MC exists to address the current lack of support in Go for parameterised methods and a performance issue with Go 1.18. See doc.go for more details.

func (MathableStream[T]) Average 

func (s MathableStream[T]) Average() T

Average returns the arithmetic average of the numbers in the stream. Panics if the channel is nil or the stream is empty. This is a special case of a reduction. This is a terminal operation and hence expects the producer to close the stream in order to complete.

func (MathableStream[T]) Sum 

func (s MathableStream[T]) Sum() T

Sum return the sum of all items on the stream. Panics if the channel is nil or the stream is empty. This is a special case of a reduction. This is a terminal operation and hence expects the producer to close the stream in order to complete.

type Option 

type Option func(*zap.Config)

Option is a function to provide the Logger creation with extra initialisation options.

type Optional 

type Optional[T any] struct {
	// contains filtered or unexported fields
}

Optional is a container object which may or may not contain a value (NO: nil is considered a non-value). See IsPresent().

Additional methods that depend on the presence or absence of a contained value are provided, such as OrElse() (returns a default value if no value is present) and IfPresent() (performs an action if a value is present).

This is a value-based class; programmers should treat instances that are equal as interchangeable.

func OptionalEmpty 

func OptionalEmpty[T any]() Optional[T]

OptionalEmpty returns an empty Optional instance. No value is present for this Optional.

func OptionalOf 

func OptionalOf[T any](val T) Optional[T]

OptionalOf returns an Optional describing the given (NO: non-nil) value. Currently, Go 1.18 does not permit nil generic types. See: https://github.com/golang/go/issues/22729

func (Optional[T]) Filter 

func (o Optional[T]) Filter(p Predicate[T]) Optional[T]

Filter returns an Optional describing the value if a value is present, and the value matches the given predicate, otherwise returns an empty Optional.

func (Optional[T]) FlatMap 

func (o Optional[T]) FlatMap(f Function[T, Optional[Any]]) Optional[Any]

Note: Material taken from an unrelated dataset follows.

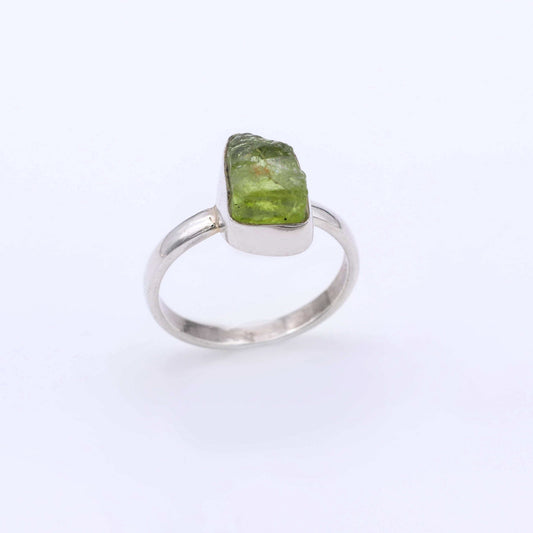 IC: ANILLO PLATA OLIVINA PERIODOTO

FlatMap returns the result of applying the given Optional-bearing mapping function to the value if present, otherwise returns an empty Optional.

func (Optional[T]) Get 

func (o Optional[T]) Get() T

Get returns the value if present, otherwise panics.

func (Optional[T]) IfPresent 

func (o Optional[T]) IfPresent(c Consumer[T])

IfPresent performs the given action with the value, if a value is present, otherwise performs the given empty-based action.

func (Optional[T]) IsPresent 

func (o Optional[T]) IsPresent() bool

IsPresent return true if a value is present. If no value is present, the object is considered empty and IsPresent() returns false.

func (Optional[T]) Map 

func (o Optional[T]) Map(f Function[T, Any]) Optional[Any]

Map returns an Optional describing (as if by ofNullable(T)) the result of applying the given mapping function to the value if present, otherwise returns an empty Optional. If the mapping function returns a nil result then this method returns an empty Optional.

func (Optional[T]) Or 

func (o Optional[T]) Or(s Supplier[Optional[T]]) Optional[T]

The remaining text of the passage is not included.